I'm telling the truth. Trust me.

Why is this important? When these items are trusted, SQL can make some assumptions about the data in the tables and can use those assumptions to create more efficient query plans. If, however, the constraints are not trusted, SQL can't make any assumptions and must construct a query plan that may be more computationally intensive.

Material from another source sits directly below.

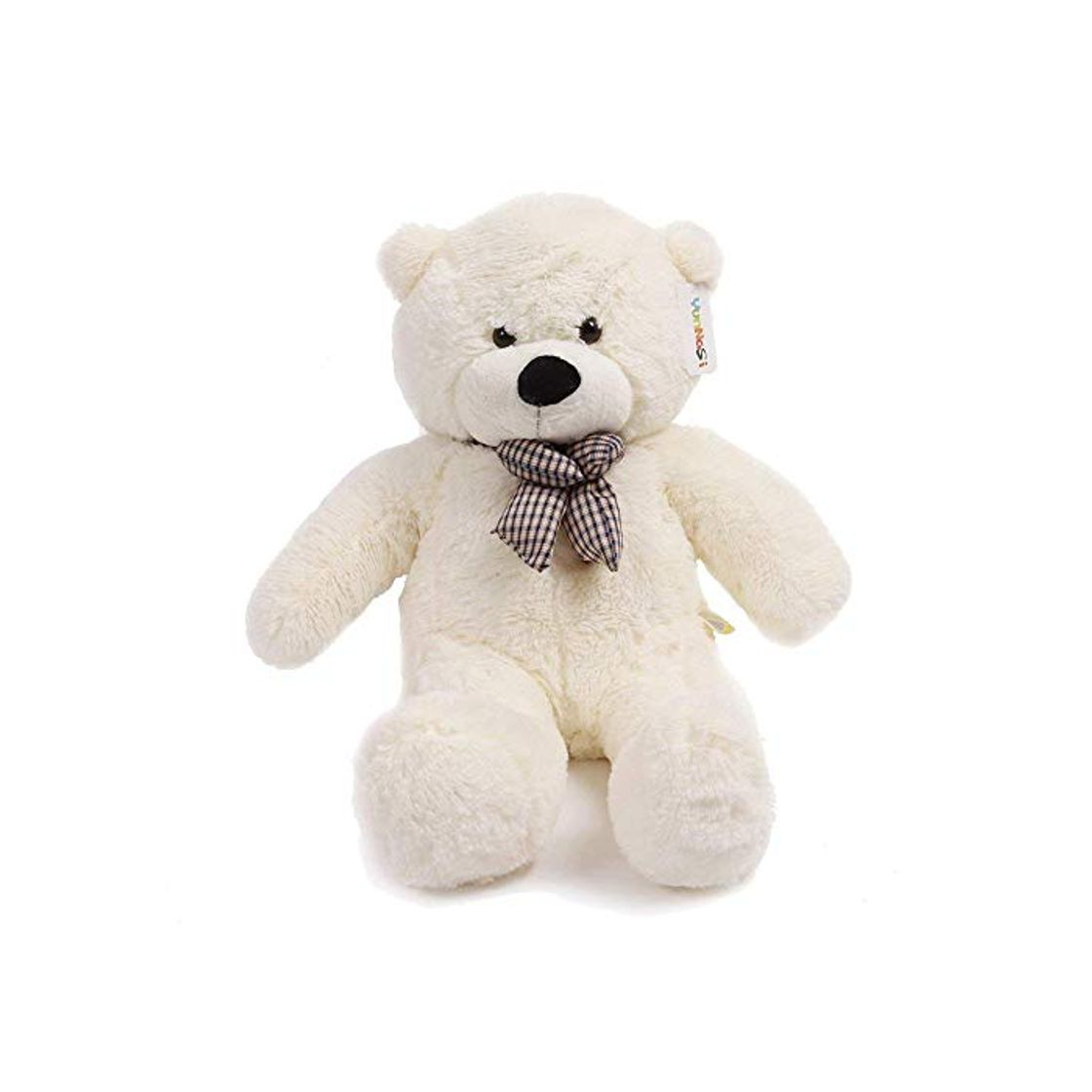 Product 120 cm gigante teddy oso de peluche con adorno de nudo animal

Before I get started, let me first explain what an untrusted foreign key or constraint is. (From here on, I'll use the term constraint to include both constraints and foreign keys.) When you define a constraint on a table, you are telling SQL Server to only allow certain data in certain columns. In the case of a foreign key, you are telling SQL Server that the value in a column in Table A must exist in Table B as a primary key. If you try to enter a value that is not in Table B, the insert will fail.

However, you can tell SQL Server to cheat and allow you to insert the value anyway. You can do this in a couple of ways. The most obvious is to disable the constraint and insert the data. You can then re-enable the constraint. Another way is to perform a bulk insert operation without specifying the CHECK_CONSTRAINTS option. This is often done to speed imports of large amounts of data.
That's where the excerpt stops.